The following problem occurred to me while thinking about how to implement a linker for 80286 programs:
Given an integer n and a set of sections where each section has a size no larger than n, find a partitioning of S with the least number of partitions such that in each partition the sum of the section-sizes does not exceed n.
This problem appears when trying to link object files into a program for the 80286 architecture in 16 bit protected mode. This architecture has segments of up to 65536 bytes each and complex programs need to be split into multiple segments. The linker tries to arrange the program into the least possible number of segments since each segment corresponds to one entry in the operating system's segment descriptor table. Please consider this problem without considering the fact that the 16 bit protected mode is obsolete.

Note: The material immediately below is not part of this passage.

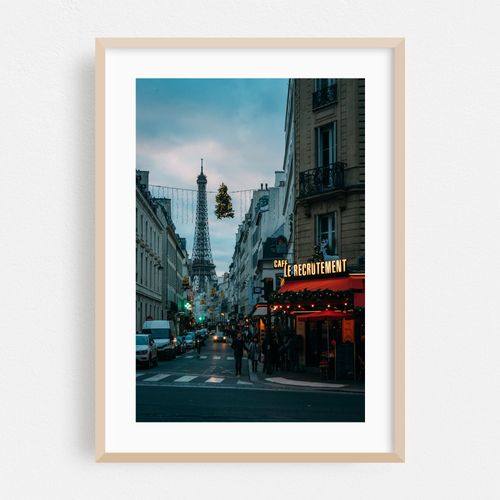 Le Recrutement Café & Eiffel Tower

As a complication of this problem, one could consider the call-graph of the program to link. Considering the case that each change of the code segment has a little penalty (the CPU has to look up the new segment in the segment descriptor table), the linker could try to group functions into the same section that call one-another. When the call graph is weighted by the expected number of calls, the linker could try to find a partitioning of the program into segments so that the edges of the call graph that cross segment boundaries have the lowest sum / sum of squares.
Questions
- I have the hunch that the original problem might easily be NP-hard, but I'm not sure how to show that. Is it NP-hard?
- Is there a fast algorithm to approximate a good solution?
- Is there an algorithm to solve the second problem or to approximate a good solution?
- I appreciate pointers to further material on the topic of distributing code into segments.